Ainda há desculpas para não ensinar sobre isso. Pelo medo de entrar em conflito com os pais e com as autoridades escolares devido a que professores de muitas escolas possuem contratos que não asseguram sua estabilidade, dependendo da vontade do empregador. Há também a impossibilidade de fazê-lo por parte dos professores devido ao fato de que, sem um trabalho de memória e reparação em nível social, muitas pessoas que foram vítimas de violações de direitos humanos não puderam reparar seus danos psicológicos. É preciso lembrar que as vítimas não são só os mortos, os desaparecidos, os executados. No Chile se instalou o medo generalizado e isso afetou toda a população. Por isso, muitas pessoas ainda não podem falar com tranquilidade do ocorrido. Menos ainda um professor diante de seus estudantes.
Existe medo de falar de algo tão polêmico?
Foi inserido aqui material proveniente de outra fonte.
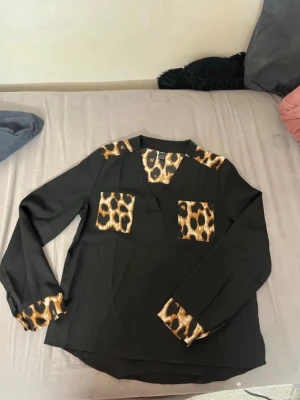 Svart blus med leoparddetaljer - Svart blus med långa ärmar och coola leopardmönstrade detaljer på axlar, bröstfickor och ärmslut. Blusen har en avslappnad passform och V-ringning. Perfekt för dig som vill sticka ut med djurmönster i din outfit.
Ainda há medo no Chile. Não só entre os professores. Ainda há muitas pessoas para as quais é difícil contar o que viveram ou o que sabem desse tempo. É grave dizer isso, mas no Chile ainda há medo de contar a um desconhecido o que se viveu durante a ditadura ou o que aconteceu por causa disso. Isso evidentemente é responsabilidade de todos os governos que não desenvolveram uma verdadeira política de memória e de reparação das vítimas. As ações realizadas foram positivas, mas absolutamente insuficientes. O grave é que, se não se fala do acontecido, a memória reaparece produzindo ações violentas, problemas de saúde mental e física, e problemas de convivência.
O fato de o Chile ter um governo conservador hoje em dia, com Sebastián Piñera, influencia no currículo nacional? Muda algo em relação ao governo de Michelle Bachelet?
O novo governo tem influência, devido ao fato de que existe um Conselho Nacional de Educação que supervisiona os conteúdos escolares e é nomeado pelo Presidente da República. Atualmente os programas do segundo ano do ensino médio estão em processo de atualização. Além disso, no governo anterior do presidente Piñera, o conteúdo (sobre a ditadura) explicitado para ensino primário se manteve presente, mas foi reduzido.
Quanta independência existe no ensino desse tema?
Os professores têm liberdade diante do currículo nacional. O que opera são os medos e dificuldades que indiquei antes. O que me preocupa é que, progressivamente, instalou-se a ideia de que os direitos estão associados a deveres. Instala-se a ideia de que, para ter direitos, devo cumprir meus deveres, sendo que os direitos são inalienáveis. Essa é uma ideia que aparece cada dia com mais força na escola. Os jovens são acusados de não cumprir seus deveres. Ao mesmo tempo, crianças e jovens exigem seus direitos. Quando eles fazem essa cobrança, diz-se que são problemáticos. Inclusive, temos estudos que mostram que professores e pais pensam que a existência de direitos da criança geraram mais situações de violência. Sendo que o problema é que nós, adultos, não fomos educados em uma sociedade de direitos e não sabemos como nos relacionarmos com jovens que têm consciência dos seus próprios direitos.